L’un des témoignages qui l’a le plus marqué est celui d’une mère qui continue d’attendre le sauvetage de son fils parmi les décombres de Caraballeda, alors que les équipes internationales de secours ont pratiquement mis fin aux opérations de recherche dans cette zone.
Une crise qui va au-delà de l’urgence
Bastidas prévient que le véritable défi commencera lorsque la phase la plus immédiate de l’urgence sera passée. Selon lui, de nombreuses personnes sont encore en état de choc et n’ont pas encore accepté la perte de leurs proches, de leurs logements et de leurs moyens de subsistance.
Le prêtre rappelle également que le séisme frappe un pays qui traversait déjà une profonde crise économique et sociale. « Nous allons devoir nous réinventer pour renforcer les personnes non seulement sur le plan spirituel, mais aussi social et éducatif », souligne-t-il.
Dans ce contexte, il souligne également l’arrivée d’une aide internationale via les structures salésiennes et de l’Église, ainsi que l’incorporation de volontaires venus d’Espagne pour participer aux tâches d’assistance.
La confiance envers l’Église
Au cours de l’interview, Bastidas souligne qu’une grande partie de l’aide humanitaire transite par des organisations ecclésiales en raison de la confiance qu’elles inspirent à la population.
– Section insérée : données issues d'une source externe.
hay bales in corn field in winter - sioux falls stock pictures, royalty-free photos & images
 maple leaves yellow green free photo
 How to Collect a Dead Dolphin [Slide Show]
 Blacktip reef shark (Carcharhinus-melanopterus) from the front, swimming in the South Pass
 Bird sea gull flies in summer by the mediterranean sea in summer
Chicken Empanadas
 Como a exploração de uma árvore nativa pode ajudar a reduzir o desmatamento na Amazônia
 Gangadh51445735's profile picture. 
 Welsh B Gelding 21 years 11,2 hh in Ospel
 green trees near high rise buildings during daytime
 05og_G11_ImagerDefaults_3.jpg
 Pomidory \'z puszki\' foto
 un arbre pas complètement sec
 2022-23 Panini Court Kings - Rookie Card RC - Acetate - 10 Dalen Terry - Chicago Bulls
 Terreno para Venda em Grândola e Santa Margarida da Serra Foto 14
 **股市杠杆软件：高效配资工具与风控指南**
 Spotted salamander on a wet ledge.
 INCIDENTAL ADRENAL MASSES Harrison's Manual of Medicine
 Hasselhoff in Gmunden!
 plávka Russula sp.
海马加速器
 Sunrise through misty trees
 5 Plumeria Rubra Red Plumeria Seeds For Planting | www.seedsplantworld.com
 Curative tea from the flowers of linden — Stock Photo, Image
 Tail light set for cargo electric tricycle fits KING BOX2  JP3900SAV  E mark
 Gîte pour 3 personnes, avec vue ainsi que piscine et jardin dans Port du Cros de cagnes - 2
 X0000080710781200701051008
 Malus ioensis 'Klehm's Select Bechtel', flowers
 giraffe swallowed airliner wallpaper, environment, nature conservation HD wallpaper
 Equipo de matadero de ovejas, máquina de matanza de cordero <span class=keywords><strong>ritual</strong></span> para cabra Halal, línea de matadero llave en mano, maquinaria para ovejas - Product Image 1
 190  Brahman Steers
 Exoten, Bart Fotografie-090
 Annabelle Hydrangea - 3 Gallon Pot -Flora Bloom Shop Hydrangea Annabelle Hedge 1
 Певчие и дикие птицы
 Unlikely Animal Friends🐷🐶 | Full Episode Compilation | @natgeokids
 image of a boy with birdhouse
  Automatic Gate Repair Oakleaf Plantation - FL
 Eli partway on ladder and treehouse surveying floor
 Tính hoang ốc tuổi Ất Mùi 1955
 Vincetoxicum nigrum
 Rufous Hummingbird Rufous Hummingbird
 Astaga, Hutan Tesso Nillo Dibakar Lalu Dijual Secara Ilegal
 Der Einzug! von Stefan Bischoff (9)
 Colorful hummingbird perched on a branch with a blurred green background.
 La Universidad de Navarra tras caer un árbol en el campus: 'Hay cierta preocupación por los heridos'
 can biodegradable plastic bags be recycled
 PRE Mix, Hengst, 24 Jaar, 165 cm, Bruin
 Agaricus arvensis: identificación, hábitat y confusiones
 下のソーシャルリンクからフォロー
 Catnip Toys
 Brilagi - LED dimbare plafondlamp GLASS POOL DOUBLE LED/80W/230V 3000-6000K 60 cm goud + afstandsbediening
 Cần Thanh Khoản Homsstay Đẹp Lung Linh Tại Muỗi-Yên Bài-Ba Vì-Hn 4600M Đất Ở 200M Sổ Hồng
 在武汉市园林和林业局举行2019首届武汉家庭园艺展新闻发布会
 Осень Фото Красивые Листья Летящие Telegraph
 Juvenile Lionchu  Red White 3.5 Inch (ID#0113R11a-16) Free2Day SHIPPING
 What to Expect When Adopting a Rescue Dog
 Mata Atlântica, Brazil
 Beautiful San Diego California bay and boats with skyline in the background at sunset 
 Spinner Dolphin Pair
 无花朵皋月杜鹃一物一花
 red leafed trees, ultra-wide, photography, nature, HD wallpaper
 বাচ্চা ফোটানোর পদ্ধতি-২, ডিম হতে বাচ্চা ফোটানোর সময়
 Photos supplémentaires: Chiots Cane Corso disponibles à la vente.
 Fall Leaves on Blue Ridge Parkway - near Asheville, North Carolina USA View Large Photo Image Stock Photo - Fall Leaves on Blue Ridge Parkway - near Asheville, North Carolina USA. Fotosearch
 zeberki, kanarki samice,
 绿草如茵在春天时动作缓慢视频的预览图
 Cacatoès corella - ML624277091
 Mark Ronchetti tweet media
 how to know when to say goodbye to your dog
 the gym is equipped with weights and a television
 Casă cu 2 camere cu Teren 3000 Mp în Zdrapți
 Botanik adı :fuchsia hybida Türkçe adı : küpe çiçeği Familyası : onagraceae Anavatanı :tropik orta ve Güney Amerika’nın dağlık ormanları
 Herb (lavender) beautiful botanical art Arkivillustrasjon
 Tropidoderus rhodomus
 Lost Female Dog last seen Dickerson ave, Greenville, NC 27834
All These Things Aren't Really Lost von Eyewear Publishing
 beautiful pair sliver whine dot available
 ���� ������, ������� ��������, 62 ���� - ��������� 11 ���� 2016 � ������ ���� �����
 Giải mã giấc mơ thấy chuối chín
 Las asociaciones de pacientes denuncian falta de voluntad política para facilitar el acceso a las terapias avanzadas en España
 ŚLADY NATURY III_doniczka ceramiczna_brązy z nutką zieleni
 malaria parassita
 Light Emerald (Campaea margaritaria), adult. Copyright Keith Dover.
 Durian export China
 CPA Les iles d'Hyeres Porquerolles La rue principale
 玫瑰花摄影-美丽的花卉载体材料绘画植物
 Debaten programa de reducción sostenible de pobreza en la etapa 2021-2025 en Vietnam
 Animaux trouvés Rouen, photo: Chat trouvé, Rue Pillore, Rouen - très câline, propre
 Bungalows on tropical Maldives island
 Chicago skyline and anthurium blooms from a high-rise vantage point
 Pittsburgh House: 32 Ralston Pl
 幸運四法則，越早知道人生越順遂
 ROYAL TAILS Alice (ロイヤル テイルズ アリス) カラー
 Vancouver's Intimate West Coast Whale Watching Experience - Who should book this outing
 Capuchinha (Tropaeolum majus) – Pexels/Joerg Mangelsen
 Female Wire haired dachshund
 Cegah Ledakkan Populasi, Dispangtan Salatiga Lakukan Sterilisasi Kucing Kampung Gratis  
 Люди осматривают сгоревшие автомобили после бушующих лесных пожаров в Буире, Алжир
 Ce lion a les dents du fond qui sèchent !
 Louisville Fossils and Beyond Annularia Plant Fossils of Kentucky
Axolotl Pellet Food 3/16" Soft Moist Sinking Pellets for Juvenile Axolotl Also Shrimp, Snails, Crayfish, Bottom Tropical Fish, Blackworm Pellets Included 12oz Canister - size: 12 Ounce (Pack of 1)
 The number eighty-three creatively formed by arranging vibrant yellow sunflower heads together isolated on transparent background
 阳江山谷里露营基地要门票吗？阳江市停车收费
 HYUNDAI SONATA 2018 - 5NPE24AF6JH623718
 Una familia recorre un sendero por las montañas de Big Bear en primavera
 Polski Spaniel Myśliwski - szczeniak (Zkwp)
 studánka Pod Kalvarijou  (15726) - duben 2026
Selon lui, la méfiance envers les institutions publiques pousse tant les particuliers que les organismes internationaux à privilégier la collaboration avec l’Église, qui dispose d’un vaste réseau de paroisses, de congrégations et d’entités caritatives présentes sur le terrain.
Pour le prêtre salésien, la priorité reste d’accompagner les familles de La Guaira et de leur offrir non seulement une aide matérielle, mais aussi proximité et espérance au milieu d’une tragédie qui marquera longtemps la vie du pays.